### Supplied material
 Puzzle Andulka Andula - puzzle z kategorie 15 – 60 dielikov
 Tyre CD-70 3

* * *

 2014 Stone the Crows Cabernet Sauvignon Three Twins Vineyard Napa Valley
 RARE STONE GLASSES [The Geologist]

### What is needed
Extract exactly and only the lines above from the line containing "Puzzle Andulka Andula" through the line containing "Tyre CD-70 3", both end lines included.

### Solution below
 Puzzle Andulka Andula - puzzle z kategorie 15 – 60 dielikov
 Tyre CD-70 3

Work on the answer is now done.